The Essential Phone: just how essential is it?
A new month, a new make of phone. But this one may be worth keeping an eye on, writes James Francis.
There is no shortage of phone brands. The problem is not quantity, it's breathing room. Once you discount Samsung and Apple, the market literally lives off crumbs.
Some are in the game mainly for brand and cross-divisional pollination. As several commentators wrote on the topic, if LG makes nice screens for its phones, other mobile manufacturers are more likely to consider LG screens for their devices. Companies such as Xiaomi are more interested in selling other products to consumers, using the smartphone as a beachhead for those future sales. Amazon has a similar strategy with the Kindle and hoped to do the same with its now-defunct Fire phone.

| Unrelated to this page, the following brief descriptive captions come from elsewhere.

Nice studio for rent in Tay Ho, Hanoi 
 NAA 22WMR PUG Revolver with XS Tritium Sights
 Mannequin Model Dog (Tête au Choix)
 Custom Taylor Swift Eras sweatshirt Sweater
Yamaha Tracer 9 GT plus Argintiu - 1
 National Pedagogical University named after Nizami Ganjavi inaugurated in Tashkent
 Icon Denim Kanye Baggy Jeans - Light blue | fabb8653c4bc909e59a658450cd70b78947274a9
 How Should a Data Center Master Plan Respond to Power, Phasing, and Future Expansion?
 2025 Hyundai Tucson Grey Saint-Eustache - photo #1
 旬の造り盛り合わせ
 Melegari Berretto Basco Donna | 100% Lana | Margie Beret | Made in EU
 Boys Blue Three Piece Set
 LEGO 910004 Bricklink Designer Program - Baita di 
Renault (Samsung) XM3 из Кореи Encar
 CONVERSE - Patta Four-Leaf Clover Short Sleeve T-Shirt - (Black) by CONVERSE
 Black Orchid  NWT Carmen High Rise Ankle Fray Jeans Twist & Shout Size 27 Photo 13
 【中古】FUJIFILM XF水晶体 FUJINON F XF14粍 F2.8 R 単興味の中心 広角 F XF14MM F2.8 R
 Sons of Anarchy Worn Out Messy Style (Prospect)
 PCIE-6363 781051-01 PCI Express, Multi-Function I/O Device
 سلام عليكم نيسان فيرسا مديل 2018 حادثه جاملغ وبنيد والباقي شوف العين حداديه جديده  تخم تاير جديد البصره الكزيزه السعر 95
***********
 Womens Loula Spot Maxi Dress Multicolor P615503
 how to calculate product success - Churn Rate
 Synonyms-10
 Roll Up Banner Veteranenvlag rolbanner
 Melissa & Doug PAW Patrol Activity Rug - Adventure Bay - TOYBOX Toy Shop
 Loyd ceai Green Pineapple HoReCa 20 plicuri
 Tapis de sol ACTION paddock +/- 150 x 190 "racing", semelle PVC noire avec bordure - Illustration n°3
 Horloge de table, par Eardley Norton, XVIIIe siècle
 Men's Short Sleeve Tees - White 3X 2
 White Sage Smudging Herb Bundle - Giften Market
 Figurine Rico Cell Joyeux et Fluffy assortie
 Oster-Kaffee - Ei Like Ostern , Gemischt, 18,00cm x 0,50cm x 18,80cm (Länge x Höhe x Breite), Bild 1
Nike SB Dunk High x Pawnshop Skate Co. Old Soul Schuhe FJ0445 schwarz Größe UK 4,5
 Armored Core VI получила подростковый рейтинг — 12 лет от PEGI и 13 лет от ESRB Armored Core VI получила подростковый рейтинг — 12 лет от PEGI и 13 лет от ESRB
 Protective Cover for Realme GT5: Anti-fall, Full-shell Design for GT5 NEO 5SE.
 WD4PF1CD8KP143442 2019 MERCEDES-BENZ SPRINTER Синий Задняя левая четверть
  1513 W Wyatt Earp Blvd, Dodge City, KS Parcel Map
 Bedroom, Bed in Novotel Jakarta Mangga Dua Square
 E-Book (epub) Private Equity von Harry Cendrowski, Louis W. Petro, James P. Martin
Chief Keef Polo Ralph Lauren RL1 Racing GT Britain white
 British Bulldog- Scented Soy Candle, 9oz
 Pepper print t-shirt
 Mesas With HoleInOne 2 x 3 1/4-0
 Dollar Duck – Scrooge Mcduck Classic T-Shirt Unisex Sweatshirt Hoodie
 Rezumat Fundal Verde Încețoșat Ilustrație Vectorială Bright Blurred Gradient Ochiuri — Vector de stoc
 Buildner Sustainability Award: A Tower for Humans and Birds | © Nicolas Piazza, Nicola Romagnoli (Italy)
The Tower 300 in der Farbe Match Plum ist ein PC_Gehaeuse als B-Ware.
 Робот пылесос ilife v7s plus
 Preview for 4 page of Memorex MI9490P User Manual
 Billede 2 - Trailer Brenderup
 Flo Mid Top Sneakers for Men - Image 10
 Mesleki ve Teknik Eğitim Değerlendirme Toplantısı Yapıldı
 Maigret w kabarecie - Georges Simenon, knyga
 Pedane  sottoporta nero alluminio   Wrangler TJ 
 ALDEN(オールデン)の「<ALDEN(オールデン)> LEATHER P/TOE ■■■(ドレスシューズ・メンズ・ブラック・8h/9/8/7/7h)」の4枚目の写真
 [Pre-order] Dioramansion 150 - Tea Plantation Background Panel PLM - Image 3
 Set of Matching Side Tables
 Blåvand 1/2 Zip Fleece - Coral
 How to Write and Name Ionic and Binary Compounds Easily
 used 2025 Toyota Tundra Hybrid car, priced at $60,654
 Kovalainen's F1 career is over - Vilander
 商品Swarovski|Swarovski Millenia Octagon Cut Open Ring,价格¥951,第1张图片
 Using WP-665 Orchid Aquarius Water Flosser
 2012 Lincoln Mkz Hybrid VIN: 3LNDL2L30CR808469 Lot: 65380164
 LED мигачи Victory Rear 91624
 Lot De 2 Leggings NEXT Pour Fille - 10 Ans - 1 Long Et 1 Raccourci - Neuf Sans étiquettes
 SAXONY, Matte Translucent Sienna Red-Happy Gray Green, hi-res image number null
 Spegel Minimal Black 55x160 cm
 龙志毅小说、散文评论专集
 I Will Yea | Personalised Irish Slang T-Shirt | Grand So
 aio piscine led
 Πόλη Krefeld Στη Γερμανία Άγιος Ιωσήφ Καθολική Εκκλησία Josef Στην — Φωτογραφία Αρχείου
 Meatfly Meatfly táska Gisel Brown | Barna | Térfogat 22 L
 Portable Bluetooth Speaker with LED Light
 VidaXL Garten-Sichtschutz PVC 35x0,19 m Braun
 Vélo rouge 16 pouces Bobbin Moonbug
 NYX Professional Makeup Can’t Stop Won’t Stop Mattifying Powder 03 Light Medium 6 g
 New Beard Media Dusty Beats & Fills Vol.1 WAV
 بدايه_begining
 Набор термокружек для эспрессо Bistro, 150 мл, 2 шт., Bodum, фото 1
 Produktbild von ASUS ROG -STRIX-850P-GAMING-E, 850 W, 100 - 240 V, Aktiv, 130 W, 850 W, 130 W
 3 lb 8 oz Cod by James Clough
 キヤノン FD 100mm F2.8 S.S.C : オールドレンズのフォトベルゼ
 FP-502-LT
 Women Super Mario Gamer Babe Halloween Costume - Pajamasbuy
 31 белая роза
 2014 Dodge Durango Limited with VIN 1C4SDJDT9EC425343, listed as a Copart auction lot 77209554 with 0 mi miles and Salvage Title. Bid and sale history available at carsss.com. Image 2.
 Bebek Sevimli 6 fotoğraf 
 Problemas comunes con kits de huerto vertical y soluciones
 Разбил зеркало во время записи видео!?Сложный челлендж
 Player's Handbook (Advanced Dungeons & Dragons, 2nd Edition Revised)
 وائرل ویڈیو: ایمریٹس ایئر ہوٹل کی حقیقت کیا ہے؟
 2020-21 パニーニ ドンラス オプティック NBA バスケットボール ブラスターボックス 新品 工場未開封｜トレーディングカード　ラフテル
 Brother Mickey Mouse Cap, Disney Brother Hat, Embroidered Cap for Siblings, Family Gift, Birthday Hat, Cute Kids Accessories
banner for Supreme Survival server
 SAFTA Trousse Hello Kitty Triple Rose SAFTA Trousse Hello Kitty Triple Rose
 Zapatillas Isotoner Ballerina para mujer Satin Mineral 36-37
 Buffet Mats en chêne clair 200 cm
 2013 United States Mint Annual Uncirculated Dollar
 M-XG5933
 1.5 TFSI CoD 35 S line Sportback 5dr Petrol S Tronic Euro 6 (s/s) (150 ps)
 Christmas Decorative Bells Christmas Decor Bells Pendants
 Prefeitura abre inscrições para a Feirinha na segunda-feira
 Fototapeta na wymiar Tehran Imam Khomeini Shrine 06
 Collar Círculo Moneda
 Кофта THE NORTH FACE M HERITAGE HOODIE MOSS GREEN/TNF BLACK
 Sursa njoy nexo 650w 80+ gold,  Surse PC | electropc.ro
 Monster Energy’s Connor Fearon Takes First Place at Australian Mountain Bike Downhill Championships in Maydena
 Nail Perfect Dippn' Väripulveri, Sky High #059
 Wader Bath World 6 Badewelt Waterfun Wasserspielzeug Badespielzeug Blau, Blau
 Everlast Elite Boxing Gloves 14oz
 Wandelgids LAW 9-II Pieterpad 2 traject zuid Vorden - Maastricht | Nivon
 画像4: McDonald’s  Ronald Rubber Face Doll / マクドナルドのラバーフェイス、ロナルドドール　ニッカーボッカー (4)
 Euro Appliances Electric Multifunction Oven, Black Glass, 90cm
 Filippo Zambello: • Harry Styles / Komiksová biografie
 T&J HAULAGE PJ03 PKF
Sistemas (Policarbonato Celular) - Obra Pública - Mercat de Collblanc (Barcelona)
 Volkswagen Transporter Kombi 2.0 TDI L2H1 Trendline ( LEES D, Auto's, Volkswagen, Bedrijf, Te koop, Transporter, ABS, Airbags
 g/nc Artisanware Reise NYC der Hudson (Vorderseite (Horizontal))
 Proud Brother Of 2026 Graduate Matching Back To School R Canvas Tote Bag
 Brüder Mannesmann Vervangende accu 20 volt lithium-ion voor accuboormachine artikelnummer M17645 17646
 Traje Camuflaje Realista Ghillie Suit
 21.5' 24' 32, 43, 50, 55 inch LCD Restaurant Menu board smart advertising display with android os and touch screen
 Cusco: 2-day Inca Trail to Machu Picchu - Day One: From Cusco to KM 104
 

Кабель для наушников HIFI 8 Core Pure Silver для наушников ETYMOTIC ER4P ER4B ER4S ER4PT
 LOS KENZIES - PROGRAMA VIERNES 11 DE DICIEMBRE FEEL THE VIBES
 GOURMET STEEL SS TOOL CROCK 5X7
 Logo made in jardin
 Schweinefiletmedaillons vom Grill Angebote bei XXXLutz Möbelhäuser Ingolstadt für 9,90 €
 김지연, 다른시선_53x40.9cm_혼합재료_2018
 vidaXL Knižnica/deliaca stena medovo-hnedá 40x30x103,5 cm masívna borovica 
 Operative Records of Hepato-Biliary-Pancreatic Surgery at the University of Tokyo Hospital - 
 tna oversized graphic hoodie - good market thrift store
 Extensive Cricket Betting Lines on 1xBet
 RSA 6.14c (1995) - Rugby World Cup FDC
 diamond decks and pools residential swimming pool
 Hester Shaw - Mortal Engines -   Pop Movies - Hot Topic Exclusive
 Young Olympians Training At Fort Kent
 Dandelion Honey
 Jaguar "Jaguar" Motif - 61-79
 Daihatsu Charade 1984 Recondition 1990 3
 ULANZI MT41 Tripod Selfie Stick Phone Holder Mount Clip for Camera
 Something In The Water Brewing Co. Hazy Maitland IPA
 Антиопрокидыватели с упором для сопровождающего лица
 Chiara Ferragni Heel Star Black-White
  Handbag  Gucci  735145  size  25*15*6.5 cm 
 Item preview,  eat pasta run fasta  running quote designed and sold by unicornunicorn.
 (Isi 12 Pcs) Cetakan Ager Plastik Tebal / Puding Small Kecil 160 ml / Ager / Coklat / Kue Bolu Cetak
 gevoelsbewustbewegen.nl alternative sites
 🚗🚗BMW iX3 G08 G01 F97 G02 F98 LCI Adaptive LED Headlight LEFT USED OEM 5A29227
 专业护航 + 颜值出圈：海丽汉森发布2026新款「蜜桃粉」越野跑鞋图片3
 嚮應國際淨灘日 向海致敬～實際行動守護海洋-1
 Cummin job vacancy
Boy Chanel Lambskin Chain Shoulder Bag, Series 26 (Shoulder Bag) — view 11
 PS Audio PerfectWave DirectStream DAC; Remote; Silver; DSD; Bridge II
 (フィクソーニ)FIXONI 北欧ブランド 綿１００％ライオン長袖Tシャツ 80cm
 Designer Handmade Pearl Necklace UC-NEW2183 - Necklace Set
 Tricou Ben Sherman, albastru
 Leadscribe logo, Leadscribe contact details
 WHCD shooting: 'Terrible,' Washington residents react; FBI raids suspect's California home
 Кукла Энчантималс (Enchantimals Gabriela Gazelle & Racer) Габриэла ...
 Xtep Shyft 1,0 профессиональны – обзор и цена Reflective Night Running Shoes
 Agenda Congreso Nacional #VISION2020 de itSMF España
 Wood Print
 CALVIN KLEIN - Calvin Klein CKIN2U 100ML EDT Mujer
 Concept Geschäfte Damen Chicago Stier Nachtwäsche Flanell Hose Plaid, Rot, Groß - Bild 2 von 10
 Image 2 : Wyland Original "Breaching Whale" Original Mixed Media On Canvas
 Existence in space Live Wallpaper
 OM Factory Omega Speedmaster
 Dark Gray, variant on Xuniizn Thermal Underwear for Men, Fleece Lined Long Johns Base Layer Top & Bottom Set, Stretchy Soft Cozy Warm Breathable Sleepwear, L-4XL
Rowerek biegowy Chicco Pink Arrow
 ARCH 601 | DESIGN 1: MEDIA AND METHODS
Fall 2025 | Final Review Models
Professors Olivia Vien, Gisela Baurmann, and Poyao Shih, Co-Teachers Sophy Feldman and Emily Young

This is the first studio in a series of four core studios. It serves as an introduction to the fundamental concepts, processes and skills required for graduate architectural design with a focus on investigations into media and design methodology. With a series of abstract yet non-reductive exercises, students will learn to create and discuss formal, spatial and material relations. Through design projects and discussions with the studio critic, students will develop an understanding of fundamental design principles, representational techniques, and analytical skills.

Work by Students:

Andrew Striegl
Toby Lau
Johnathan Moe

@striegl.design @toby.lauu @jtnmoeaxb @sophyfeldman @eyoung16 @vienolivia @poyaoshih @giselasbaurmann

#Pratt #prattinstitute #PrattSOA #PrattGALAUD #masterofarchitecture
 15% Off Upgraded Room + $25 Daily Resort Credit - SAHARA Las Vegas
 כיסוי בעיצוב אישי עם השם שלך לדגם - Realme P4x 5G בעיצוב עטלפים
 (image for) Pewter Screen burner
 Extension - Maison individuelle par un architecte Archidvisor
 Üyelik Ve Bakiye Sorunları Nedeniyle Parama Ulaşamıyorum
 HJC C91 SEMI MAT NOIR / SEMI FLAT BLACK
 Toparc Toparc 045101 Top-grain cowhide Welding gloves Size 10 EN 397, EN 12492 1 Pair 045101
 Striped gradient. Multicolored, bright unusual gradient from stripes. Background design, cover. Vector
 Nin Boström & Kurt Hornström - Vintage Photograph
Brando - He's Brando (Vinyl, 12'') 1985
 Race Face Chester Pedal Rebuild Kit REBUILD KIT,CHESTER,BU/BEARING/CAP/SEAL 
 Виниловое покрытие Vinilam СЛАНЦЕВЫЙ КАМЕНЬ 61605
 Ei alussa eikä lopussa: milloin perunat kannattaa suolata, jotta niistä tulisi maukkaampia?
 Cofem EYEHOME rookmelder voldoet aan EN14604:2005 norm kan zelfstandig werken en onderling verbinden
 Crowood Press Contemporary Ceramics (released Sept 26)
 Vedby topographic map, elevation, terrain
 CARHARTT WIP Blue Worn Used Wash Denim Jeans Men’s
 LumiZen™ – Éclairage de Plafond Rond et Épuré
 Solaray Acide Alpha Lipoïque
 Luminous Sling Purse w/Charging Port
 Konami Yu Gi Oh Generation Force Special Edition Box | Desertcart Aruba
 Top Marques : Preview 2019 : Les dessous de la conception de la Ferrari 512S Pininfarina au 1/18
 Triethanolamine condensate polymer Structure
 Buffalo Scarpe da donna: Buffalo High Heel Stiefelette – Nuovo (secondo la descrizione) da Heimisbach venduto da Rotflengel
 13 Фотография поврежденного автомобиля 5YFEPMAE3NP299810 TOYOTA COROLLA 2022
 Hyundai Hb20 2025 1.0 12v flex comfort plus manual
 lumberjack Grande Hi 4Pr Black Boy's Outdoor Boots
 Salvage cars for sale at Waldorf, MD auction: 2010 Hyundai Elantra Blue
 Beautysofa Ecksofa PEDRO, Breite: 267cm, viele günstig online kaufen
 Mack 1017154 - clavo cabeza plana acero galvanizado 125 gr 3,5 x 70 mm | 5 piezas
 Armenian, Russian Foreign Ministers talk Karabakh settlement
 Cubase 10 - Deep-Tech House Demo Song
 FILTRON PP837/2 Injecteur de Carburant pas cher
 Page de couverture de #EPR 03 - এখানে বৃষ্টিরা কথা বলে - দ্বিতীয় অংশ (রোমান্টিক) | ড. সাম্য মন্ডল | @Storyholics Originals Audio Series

But to predominantly sell a phone as a phone (albeit with smart home expansions later down the line) and sell it at a premium: crazy, right? After the iPhone and S family dug up all the veins, that's just fool's gold. It was my first thought when looking at the Essential.
Revealed last month, it's tempting to say the Essential (or more specifically, the Essential PH-1) is a lame duck. It will cost $699, yet does not appear to have anything dramatically different to any other flagship phone. There are some nuances. It has a titanium and ceramic body, and features a modular attachment that may allow for some powerful peripherals. Point in case, it will ship with its own attachable 360 camera.
The reason it made headlines is because Essential is the creation of Andy Rubin, also known for the Sidekick and a little operating system called Android. Rubin himself wrote on the company's blog that the phone came to be after an evening with a friend bellyaching over the state of consumer technology. Device and connector redundancy, bloatware and the ever-increasing focus on creating fiefdoms instead of focusing on the device all motivated his decision.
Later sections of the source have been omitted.